Selasa, 20-08-2019 | 10:57:19 WIB

Membaca Ramayana di Kursus Intensif Jawa Kuno ke-5

Diposting oleh : Yudhi

Membaca naskah Ramayana Jawa Kuno

Sleman - Peserta "5th International Intensive Course in Old Javanese 2019" membaca teks Kakawin Ramayana dan Adiparwa sebagai lanjutan dari materi kursus. Pembacaan kedua teks berbahasa Jawa Kuno ini termasuk bagian dari kursus yang diselenggarakan atas hasil kerja sama antara Perpustakaan Nasional Republik Indonesia, École français d’Extrême-Orient (EFEO), dan École Pratique des Hautes Études (EPHE).

Teks Kakawin Ramayana bermula dari cerita tentang Dasarata, Raja Ayodhya, yang juga ayah Rama. "Hana sira ratu dibya rěngon," demikian kalimat pembuka teks Kakawin Ramayana yang berarti "Ada seorang raja mahsyur, dengarkanlah."

Kakawin Ramayana berbentuk puisi bermetrum. Kakawin sendiri berasal kata "kawi" atau "kawiya" dari bahasa Sansekerta yang berarti "penyair". Kata tersebut mendapatkan imbuhan khas Jawa Kuno "ka-" dan "-an" yang menjadikan kata tersebut berarti "karya seorang penyair" atau juga bisa berarti "sajak" itu sendiri.

Singkat cerita, terjadi konflik di dalam kerajaan Ayodhya. Semula harusnya Rama (anak Desarata dari permaisuri pertama) yang menggantikan Dasarata, tapi karena desakan Kekayi (permaisuri ketiga Dasarata) anaknya, Bhatara, yang menjadi raja.

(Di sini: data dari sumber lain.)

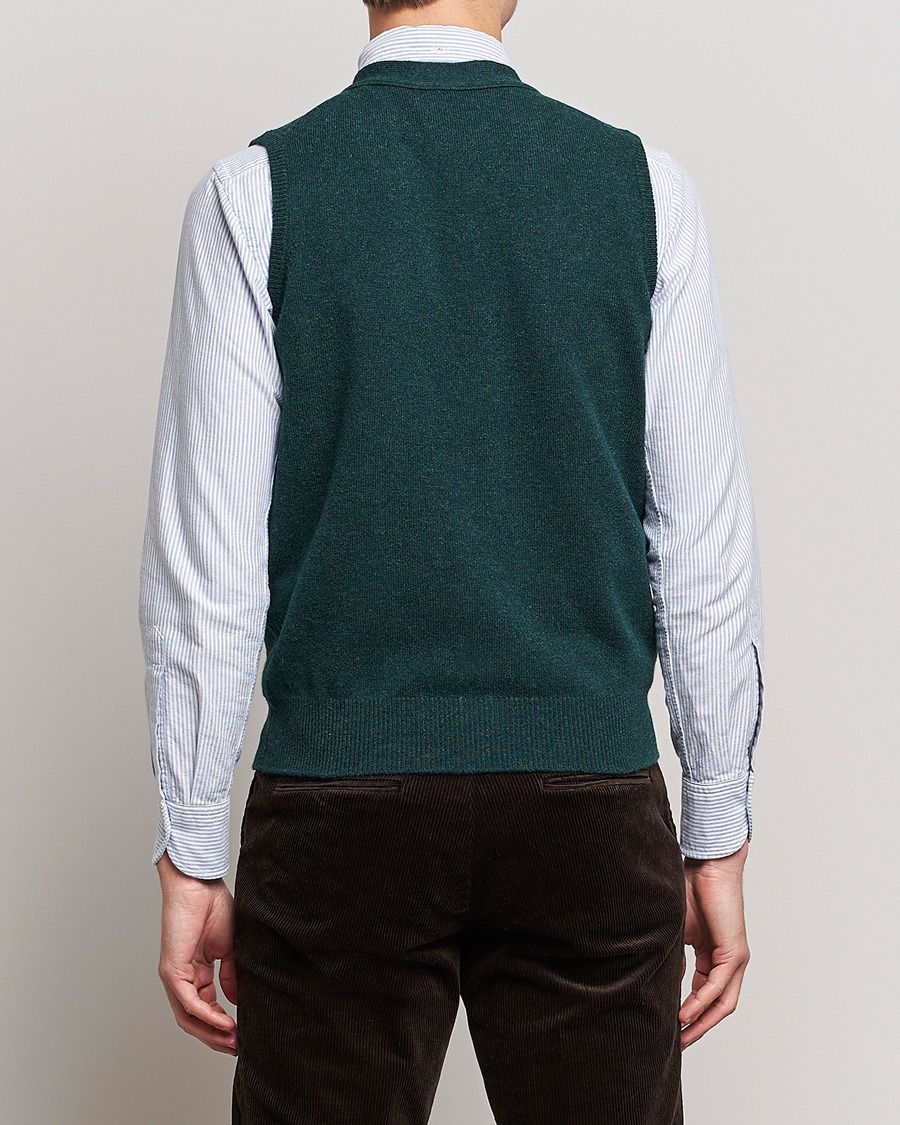 Herren | Pullover | Drake's | Lambswool Vest Cardigan Green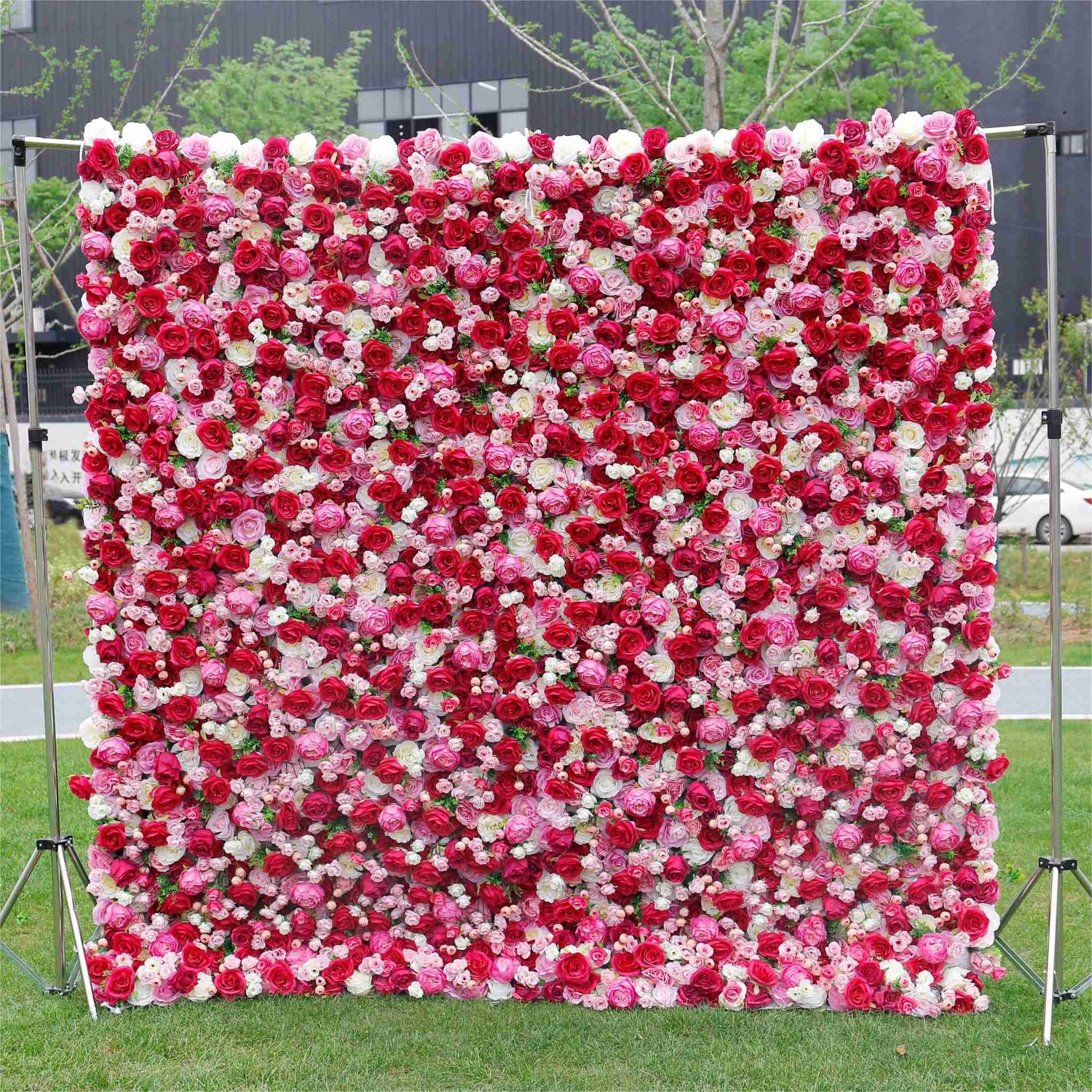 Aliflowers Rustic Style 3D Red Pink Rose Rolling up Curtain Flowers Wall ALFWL047 - Ali Flowers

Kekayi pun meminta Rama untuk diasingkan ke hutan. Selama di hutan, Rama, Sita, dan Laksmana, mendapatkan banyak ujian, salah satunya penculikan Sita. Secara garis besar, cerita epos Ramayana ini merupakan ajaran dan kepahlawanan.

Adapun cerita Adiparwa merupakan kitab pertama dari epos Mahabharata. Adiparwa dituturkan dalam bentuk narasi. Penuturan isi kitab tersebut bermula ketika Sang Ugrasrawa mendatangi Bagawan Sonaka yang sedang melakukan upacara di hutan Nemisa. Sang Ugrasrawa menceritakan kepada Bagawan Sonaka tentang keberadaan sebuah kumpulan kitab yang disebut Astadasaparwa. Pokok ceritanya adalah kisah perselisihan Pandawa dan Korawa, keturunan Sang Bharata. Dari penuturan Sang Ugrasrawa, mengalirlah kisah besar keluarga Bharata tersebut (Mahābhārata).

Selain menerjemahkan secara keseluruhan, peserta kursus diminta menguraikan satu per satu pembentukan kata, frasa, dan kalimat dari kedua teks tersebut. Pembacaan teks ini merupakan lanjutan dari pembelajaran sebelumnya, yakni tata bahasa Jawa Kuno.

Kursus intensif selama dua pekan ini diisi oleh pengajar kelas dunia. Di antaranya, yaitu Arlo Griffiths, pakar epigrafi dari EFEO; Andrea Acri, pakar Jawa Kuno dan Sansekerta dari EPHE; dan, Tom Hunter, pakar linguistik Jawa Kuno dan Sansekerta dari University of British Columbia, Kanada. Adapun pengajar dari dalam negeri, yaitu Agung Kriswanto, filolog dari Perpusnas; Yosehin Apriastuti Rahayu, staf pengajar Jawa Kuno dan Sansekerta dari Universitas Gadjah Mada; dan, Zakariya Pamuji Aminullah.

"Tujuan kursus ini agar para peserta bisa membaca sekaligus menganalisis teks-teks Jawa Kuno dan memanfaatkannya sebagai referensi penelitian," kata Kepala Bidang Layanan Koleksi Khusus, Yeri Nurita, dalam pembukaan kursus, Ahad, 21 Juli 2019. Yeri mewakili Deputi Bidang Pengembangan Bahan Pustaka dan Jasa Informasi Perpusnas Ofy Sofiana membuka kursus ini. "Harapannya, riset tentang Jawa Kuno akan makin berkembang."Yeri berharap tahun depan akan ada kelas tambahan, yakni kelas advance berbahasa Indonesia. Tujuannya, untuk mengakomodasi para peneliti dari dalam negeri.

"Dengan begitu penelitian tentang Jawa Kuno juga bisa sering dilakukan di dalam negeri," ujarnya. Selain itu, dia berharap generasi baru filolog Jawa kuno juga dapat bekerja sama membangun kemitraan internasional, sehingga menghasilkan beragam penelitian yang berkualitas.